▸ Task item
Please give back only the lines below from the one containing "SQAURE NECK MIDI CAP SLEEVE DRESS" to the one containing "disegno di una", each repeated word for word, both ends included.

▸ Provided records
——

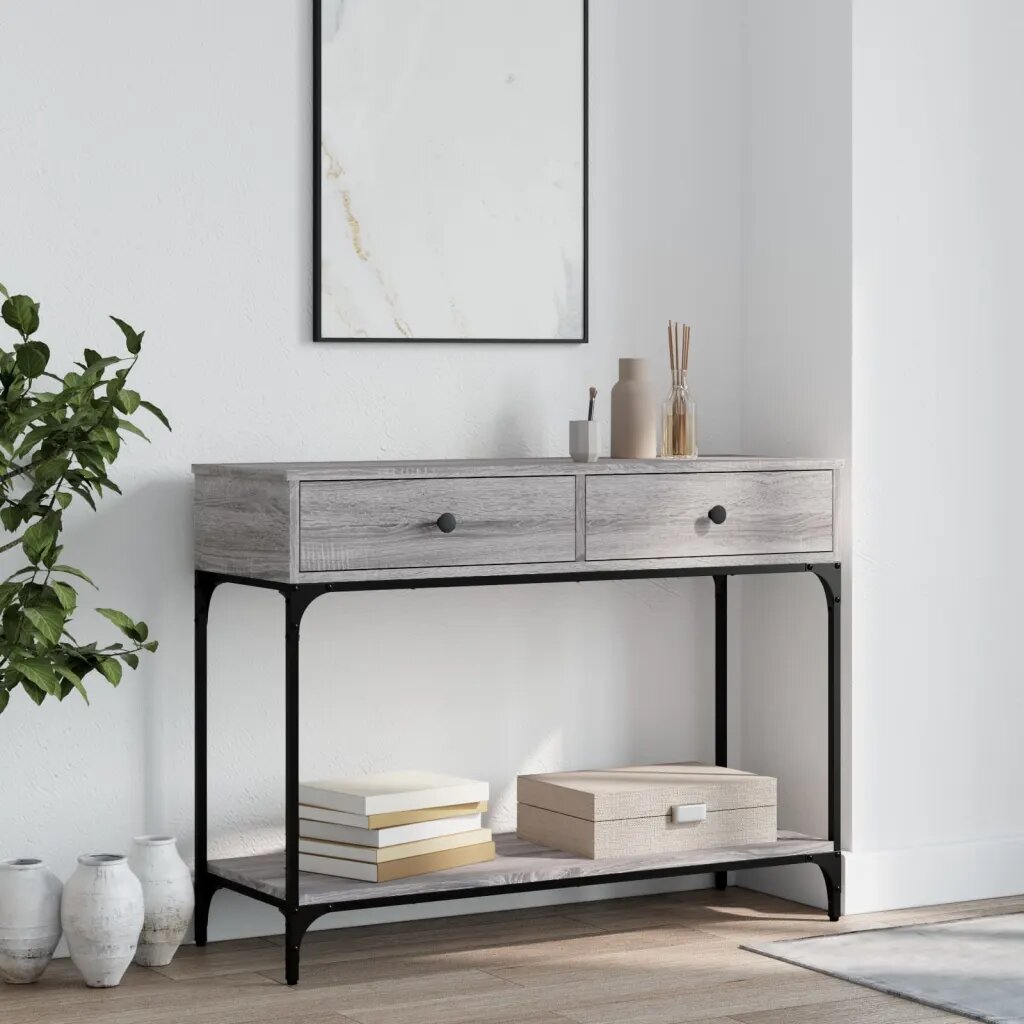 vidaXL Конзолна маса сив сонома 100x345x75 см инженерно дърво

——

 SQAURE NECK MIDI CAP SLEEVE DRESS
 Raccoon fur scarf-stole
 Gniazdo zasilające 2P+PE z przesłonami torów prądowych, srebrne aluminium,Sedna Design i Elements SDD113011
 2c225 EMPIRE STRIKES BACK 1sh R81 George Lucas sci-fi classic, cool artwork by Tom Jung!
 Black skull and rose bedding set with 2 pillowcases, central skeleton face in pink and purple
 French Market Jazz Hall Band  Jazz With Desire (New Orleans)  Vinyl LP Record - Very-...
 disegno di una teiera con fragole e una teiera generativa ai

——

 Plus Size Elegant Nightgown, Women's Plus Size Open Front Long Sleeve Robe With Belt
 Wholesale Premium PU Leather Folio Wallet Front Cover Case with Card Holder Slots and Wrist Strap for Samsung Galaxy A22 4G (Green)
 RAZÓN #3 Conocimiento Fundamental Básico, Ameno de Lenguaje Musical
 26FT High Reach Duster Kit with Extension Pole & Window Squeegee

——

▸ Response area
 SQAURE NECK MIDI CAP SLEEVE DRESS
 Raccoon fur scarf-stole
 Gniazdo zasilające 2P+PE z przesłonami torów prądowych, srebrne aluminium,Sedna Design i Elements SDD113011
 2c225 EMPIRE STRIKES BACK 1sh R81 George Lucas sci-fi classic, cool artwork by Tom Jung!
 Black skull and rose bedding set with 2 pillowcases, central skeleton face in pink and purple
 French Market Jazz Hall Band  Jazz With Desire (New Orleans)  Vinyl LP Record - Very-...
 disegno di una teiera con fragole e una teiera generativa ai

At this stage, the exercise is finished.